Lower holiday sales have contributed to discounts on consumer goods and services. And while Americans may be buying fewer new cars and other major purchases, reports show that certain sectors of the economy are doing brisk business – car repair businesses, shoe repair businesses, etc.
It is undeniably bad that the jobless rate has grown during this downturn, but the good aspect is that more than 93 percent of Americans are employed. While it is certainly bad for the country’s financial health that close to 10 percent of homeowners have missed a house payment or are in foreclosure (according to the Los Angeles Times), the flip side of this is good since it means that more than 90 percent of us are not in imminent danger of losing our homes.
Americans have faced such challenges before, some even worse than the current crisis. Their Yankee ingenuity combined with a free market enabled them to dig out of such crises, and they will do so again.

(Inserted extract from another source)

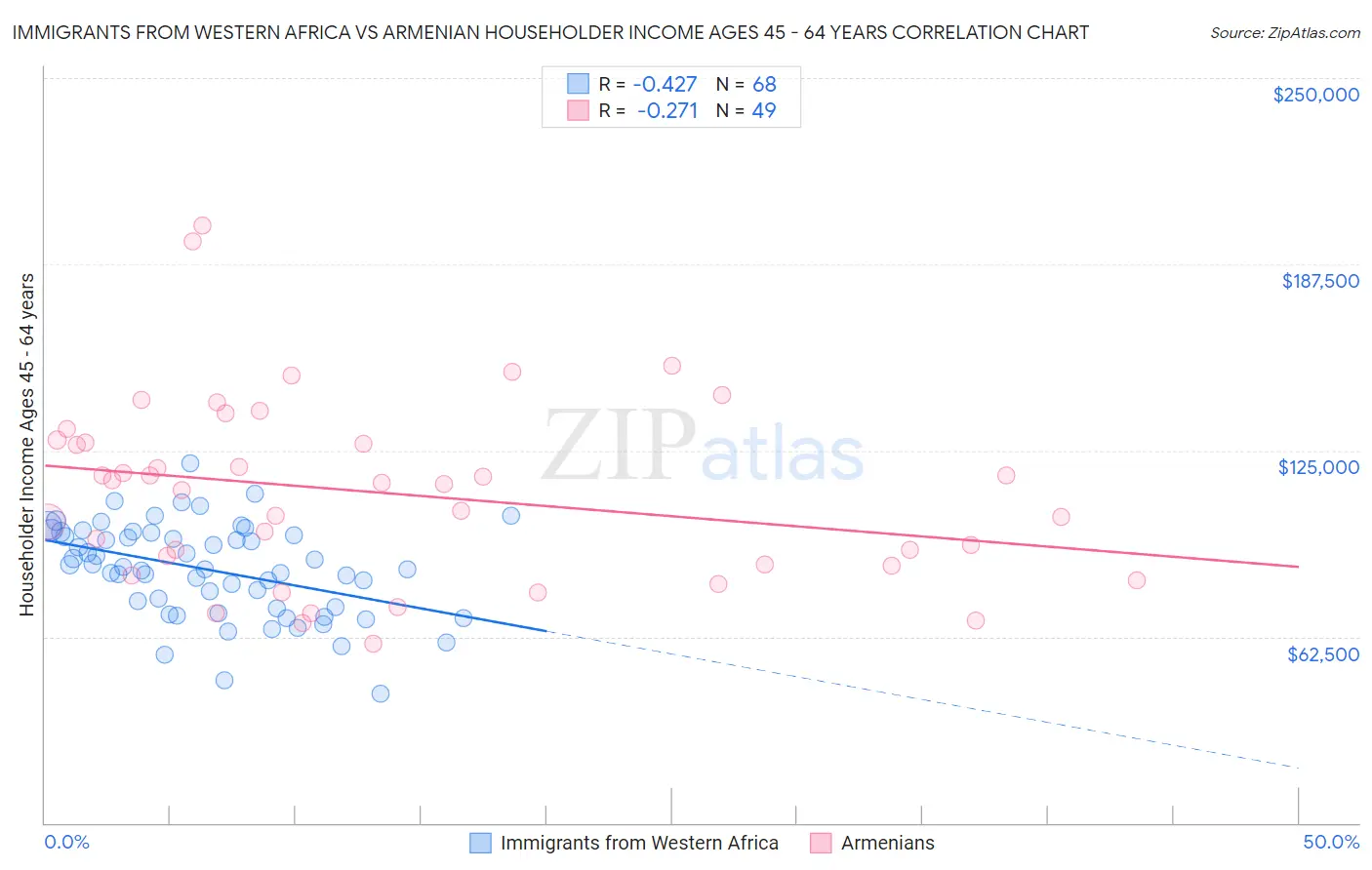Immigrants from Western Africa vs Armenian Householder Income Ages 45 - 64 years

When families face financial shortfalls, they cut back on spending.
Government should do the same. Local governments in Kentucky would do well to emulate Louisville’s Mayor Jerry Abramson. He has been systematically trimming spending plans to match the city’s projected revenues. Shoveling money into government projects at this time is exactly the wrong thing to do.
Whether such spending is local, state or federal does not matter. It does matter a great deal that any major new spending at the federal level would have to be done with borrowed money, and countries like China, Japan and Saudi Arabia are increasingly reluctant to continue to lend to the United State.

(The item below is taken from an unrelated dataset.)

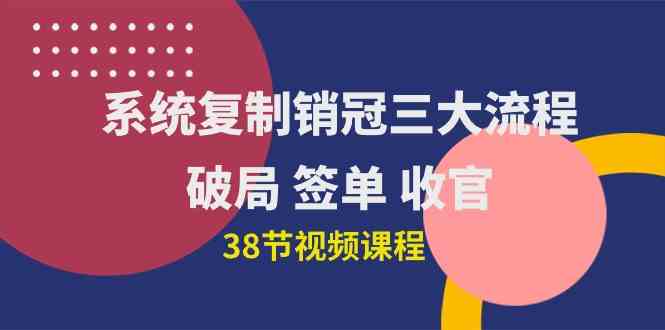 （10171期）系统复制 销冠三大流程，破局 签单 收官（38节视频课）-失落博客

Kentucky’s own budget shortfall in Frankfort has spurred much talk of increasing taxes but apparently little consideration of delaying or scrubbing the construction of numerous new courthouses around the state. Are state officials clueless about the deleterious effects any tax increases will have on Kentuckians who are already strapped with taxes, debt and the threat of job loss? Cutting spending during these financial times is a wise approach.
Shoveling money into major new courthouse construction is not.
The challenge right now is to tame the financial crisis facing the country.
Further, the challenge is being able to trust public officials at all levels to do the right thing by relying on what has worked in the past: to address spending. President Obama faces major challenges and concerns, but none as important as bringing spending under control. At the same time, he is presented with opportunities to get the country moving in the right directions. He is our president, and Americans will support him.